Mein erstes Bad, seit ich ein Baby war. Mama hat mich als Neugeborenes im Waschbecken gebadet. Doch nur ein paar Monate später hat sie mich dann auf ihrem Arm mit unter die Dusche genommen. Ich stelle mir das recht schwierig vor. Doch Mama sagte, ich hätte immer Freude daran gehabt.
Hm. Wannen sind offiziell nicht erlaubt, weil zu viel Wasser verbraucht wird. In dem einen oder anderen alten Haus findet man trotzdem schon mal eine. Mona hatte, bis sie in den Neubau umzog, eine in der Wohnung. Doch sie haben niemals darin gebadet. Also, wenn ich eine Badewanne gehabt hätte, ich hätte sie genutzt. Es gefällt mir sehr, mich hier im Wasser zu entspannen. Vielleicht auch, weil es so neu und ungewöhnlich ist. Es fühlt sich auf jeden Fall sehr luxuriös an!
Ich lächele vor mich hin, während ich mir sachte mit der hohlen Hand das Wasser über meine Schultern schaufele. Von mir geht eine Spannung aus? Und Frithjof meinte, er hätte sofort gemerkt, dass Maya die Richtige mitgebracht hat. Ich weiß nicht recht, was ich davon halten soll. An diesem Ort wird angenommen, ich hätte magische Kräfte. Wo sollen die denn schlummern? Von wem soll ich sie haben? Von Papa, einem einfachen Arbeiter?
Er wurde auf radioaktiv verseuchtem Grund eingesetzt.
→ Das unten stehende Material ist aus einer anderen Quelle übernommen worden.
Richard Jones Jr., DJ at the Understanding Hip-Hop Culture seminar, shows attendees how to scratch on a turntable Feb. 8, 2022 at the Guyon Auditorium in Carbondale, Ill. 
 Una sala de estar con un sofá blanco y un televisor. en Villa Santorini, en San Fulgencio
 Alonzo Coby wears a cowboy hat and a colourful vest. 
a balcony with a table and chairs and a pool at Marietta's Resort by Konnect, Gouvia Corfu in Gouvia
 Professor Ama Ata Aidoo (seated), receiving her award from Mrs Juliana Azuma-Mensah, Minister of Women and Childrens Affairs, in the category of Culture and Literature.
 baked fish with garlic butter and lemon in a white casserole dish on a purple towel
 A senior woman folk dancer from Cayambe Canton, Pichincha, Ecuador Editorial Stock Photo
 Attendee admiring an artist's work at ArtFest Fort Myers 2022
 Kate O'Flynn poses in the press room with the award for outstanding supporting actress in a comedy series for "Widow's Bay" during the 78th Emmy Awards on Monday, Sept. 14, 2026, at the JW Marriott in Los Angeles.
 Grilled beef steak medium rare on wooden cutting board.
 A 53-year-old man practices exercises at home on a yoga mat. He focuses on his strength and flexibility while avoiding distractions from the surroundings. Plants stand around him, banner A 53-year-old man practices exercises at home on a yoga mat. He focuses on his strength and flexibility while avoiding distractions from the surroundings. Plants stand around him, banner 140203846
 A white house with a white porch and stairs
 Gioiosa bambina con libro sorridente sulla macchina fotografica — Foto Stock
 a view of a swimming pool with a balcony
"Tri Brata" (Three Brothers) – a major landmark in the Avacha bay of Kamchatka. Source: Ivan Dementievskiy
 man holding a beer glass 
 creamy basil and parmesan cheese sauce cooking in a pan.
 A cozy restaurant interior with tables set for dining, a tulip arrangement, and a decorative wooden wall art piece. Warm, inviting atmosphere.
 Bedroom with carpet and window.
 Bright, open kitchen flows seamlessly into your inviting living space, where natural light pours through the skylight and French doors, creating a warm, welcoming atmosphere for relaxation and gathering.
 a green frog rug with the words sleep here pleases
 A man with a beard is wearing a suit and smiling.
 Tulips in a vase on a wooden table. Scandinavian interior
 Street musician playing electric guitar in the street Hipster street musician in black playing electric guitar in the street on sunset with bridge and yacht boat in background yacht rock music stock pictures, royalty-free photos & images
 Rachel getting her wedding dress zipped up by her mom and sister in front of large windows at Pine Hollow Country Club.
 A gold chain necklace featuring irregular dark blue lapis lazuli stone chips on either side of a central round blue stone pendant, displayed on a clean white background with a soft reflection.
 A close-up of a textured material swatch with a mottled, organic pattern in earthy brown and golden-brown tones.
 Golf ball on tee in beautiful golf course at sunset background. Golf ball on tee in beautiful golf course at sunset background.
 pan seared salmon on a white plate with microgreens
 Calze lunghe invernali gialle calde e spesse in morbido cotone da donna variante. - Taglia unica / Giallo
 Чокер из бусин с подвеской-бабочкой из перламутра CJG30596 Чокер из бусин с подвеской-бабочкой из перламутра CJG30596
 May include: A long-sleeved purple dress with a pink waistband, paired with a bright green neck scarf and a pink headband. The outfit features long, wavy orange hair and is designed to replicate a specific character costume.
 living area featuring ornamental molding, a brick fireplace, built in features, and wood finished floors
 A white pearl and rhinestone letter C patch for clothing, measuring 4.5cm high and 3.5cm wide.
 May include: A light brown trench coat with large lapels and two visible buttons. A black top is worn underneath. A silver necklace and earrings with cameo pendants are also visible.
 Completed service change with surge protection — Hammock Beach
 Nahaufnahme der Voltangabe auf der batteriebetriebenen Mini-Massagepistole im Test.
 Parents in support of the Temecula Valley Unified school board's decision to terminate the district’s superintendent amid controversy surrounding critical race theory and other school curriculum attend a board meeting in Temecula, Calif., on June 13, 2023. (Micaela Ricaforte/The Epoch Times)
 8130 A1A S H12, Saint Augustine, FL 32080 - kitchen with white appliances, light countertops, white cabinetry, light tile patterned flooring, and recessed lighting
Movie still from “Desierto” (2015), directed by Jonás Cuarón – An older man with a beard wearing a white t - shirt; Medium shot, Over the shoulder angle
Gestorben ist er sehr früh, da war ich in der zweiten Klasse. Er sagte mir immer, ich solle in der Schule gut aufpassen, damit ich mal einen Beruf mit Zukunft erlernen kann. Das habe ich getan. Bis gestern habe ich an einem äußerst wichtigen Projekt gearbeitet. Keine kleine Aufgabe. Aber nichts, im Vergleich zu dem, was sich die Leute hier so denken, vermute ich mal. Also, Papa war auf keinen Fall magisch, sonst hätte er das doch nicht mit sich machen lassen! Oder?